Inappropriate ICU Transfer of the Week

When folks need to go to the Unit, whether it is an evolving MI, (non)lethal arrhythmia, hemodynamic instability or they just need that higher level of care, we can’t wait to get them off the floor. Last thing anyone on our floor wants is a truly unstable patient lingering in one of our rooms when they needed to be the Unit 20 minutes ago. Sometimes though, you just can’t seem to convince the docs that they need to go and in the same vein, those that really don’t need to go, get sent.

We had a couple of instances of that lately. First, we called a Code on a guy who vagaled on the toilet. He was down to the Unit in less than 15 minutes, albeit already awake and laughing with the transport nurses as he went. At the decision time though, he needed to go. Now.

On the other hand is the patient who is stable but the docs are convinced they require  the advanced monitoring care of the ICU. This happened just the other night.

Let me remind you, we’re a cardiac unit. We deal with post-PCI patients, pacers, rule out MI’s, pre/post-op open hearts, CHFers, arrhythmias (like atrial fibrillation with rapid ventricular response) among other things – like being the largest unit in the hospital and getting overflow patients. When it comes to all things cardiac, we’re the place to be. Guess that’s why the sign over the entrance to our unit says “Cardiology/Cardiac Surgery”.

Anyway. My colleague’s patient was post-chole or some other laproscopic surgery. Nothing too hot and heavy. She goes in to asses her patient (who’s not on tele) and notices her heart rate is rapid and irregular. Being the good cardiac nurse she is, she grabs a12-lead EKG and voila’ – a-fib with RVR. She calls the surgical resident on call who orders some metoprolol to slow down the rate and eventually a diltiazem drip. No biggie to us. We do this all the time. Heck, with our fresh hearts we have an A-Fib protocol where we don’t even have to call the surgeon if the patient goes into fib, as long as they’re hemodynamically stable. We just follow the protocol.

In this case, after the drip was started, blood pressures were 110’s over 70’s, rate in the 80-90’s, good perfusion (warm, pink and intact), making urine, not even short of breath.

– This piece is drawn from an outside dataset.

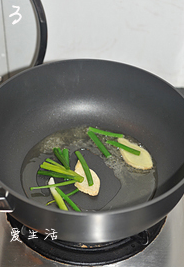 3、油焖春笋小鲍鱼,锅中油烧热（油要比平时炒菜稍多），中火下姜片和葱段爆香后，捞出扔掉。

Totally manageable on our floor. But the surgical resident still wants to transfer. My colleague tries to suggest that it isn’t needed. She did everything but come out and say, “Y’know what? She’s stable. Her rate’s good. She doesn’t need to go.” Not that it would have done any good. So off she goes at 0630 down to the Unit. Her rate on arrival to the unit was 70’s and it looked like her heart was already trying to convert back into normal sinus.

I looked at the ICU nurse and said, “Ten bucks says she’s back up by the end of the day.”

To which she replied, “End of the day? She’ll be back up by noon!”

“Right,” I retort, “if they haven’t given her room away…”

It’s a Murphy’s Law kind of thing: they go when they don’t need to and stay when they do.